Gubernatorial and congressional races mark potential shifts in the balance of power

By Derrick DePledge

POSTED:
LAST UPDATED: 02:07 a.m. HST, Oct 17, 2010


Hawaii voters will decide in November whether they want to preserve some balance politically or whether they are comfortable with majority Democrats in control.

Former U.S. Rep. Neil Abercrombie will try to reclaim Washington Place for the majority party after eight years under Republican Gov. Linda Lingle.

Lt. Gov. James "Duke" Aiona will try to keep the GOP's foothold and rebuild a party that has lost ground at the state Legislature.

ABERCROMBIE IS campaigning as an agent of change against the establishment who would bring accountability to issues such as public education and alternative energy.

Aiona is running as a fiscal and social conservative who will block new taxes and civil unions and guide the state toward economic recovery.

Brian Schatz, a former Democratic Party of Hawaii chairman and state lawmaker, is running for lieutenant governor with Abercrombie. State House Minority Leader Lynn Finnegan is Aiona's running mate.

U.S. Rep. Charles Djou, R-Hawaii, will attempt to hold the urban Honolulu 1st Congressional District seat he captured in a May special election to serve out the remainder of Abercrombie's term in Congress. Djou, the first Republican to represent the islands in Washington, D.C., in two decades, is facing a rematch with state Senate President Colleen Hanabusa in a race that could have national implications for the balance of power in Congress.

IF ABERCROMBIE and Hanabusa prevail, Democrats will control Washington Place and likely all four spots in the state's congressional delegation. U.S. Sen. Daniel Inouye, D-Hawaii, is heavily favored to win a ninth term against Republican Cam Cavasso, and U.S. Rep. Mazie Hirono, D-Hawaii, has the edge against Republican John Willoughby in the rural Oahu and neighbor island 2nd Congressional District.

Democrats are also expected to hold their overwhelming majorities in the state House and Senate.

"It's really a question of whether a candidate from a party that has been a statistical minority can make some headway," Neal Milner, a political science professor at the University of Hawaii-Manoa, said of Aiona in the governor's race. "That's going to be an important test."

Dan Boylan, a political analyst and retired University of Hawaii-West Oahu history professor, said the Republicans under Lingle have "had a platform for the past eight years and are hungry to hold on to it."

Democrats in the primary, he said, turned to a familiar face in Abercrombie, who has been in island politics for four decades.

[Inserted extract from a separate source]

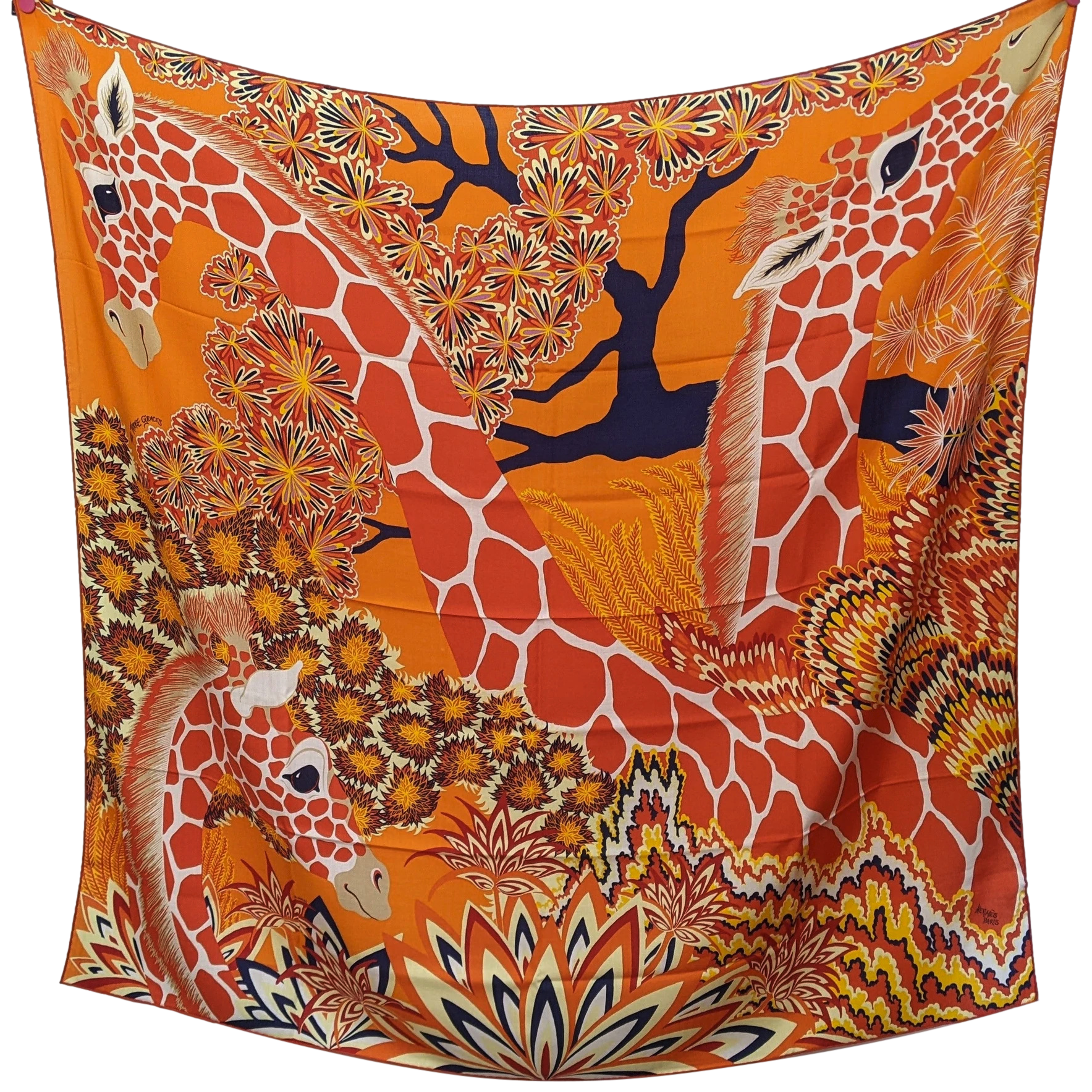Hermes Orange/Capucine/Marine Girafes "The Three Graces" by Alice Shirley Cashmere Shawl 140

Voters preferred Democrats at Washington Place and at the Legislature for 40 years before Lingle was elected in 2002.

"I think a lot of really important questions will be answered," Boylan said of how the state breaks in the governor's race.

Both Milner and Boylan believe the congressional contest between Djou and Hanabusa could have national implications. Republicans believe they have the ability to take back the U.S. House from Democrats and significantly narrow the Democrats' majority in the U.S. Senate. Republican gains in Congress could help the GOP with momentum against President Barack Obama leading up to the presidential election in 2012.

A DJOU VICTORY in Obama's hometown congressional district would be symbolic for national Republicans and a sign that voters in the islands want some balance in the delegation. Hanabusa has argued that Djou does not reflect the views of the district's traditionally Democratic voters and would be an obstructionist to Obama.

State Democrats predict they will retain sizable majorities in the House and Senate, while Republicans are trying to double their presence. Democrats have a 45-to-6 majority in the House and 23-to-2 majority in the Senate.

Democrats have expanded their majorities under Lingle. Republicans have fielded candidates in more races this year but have acknowledged that it will likely take several election cycles to build their ranks to a competitive level at the Legislature.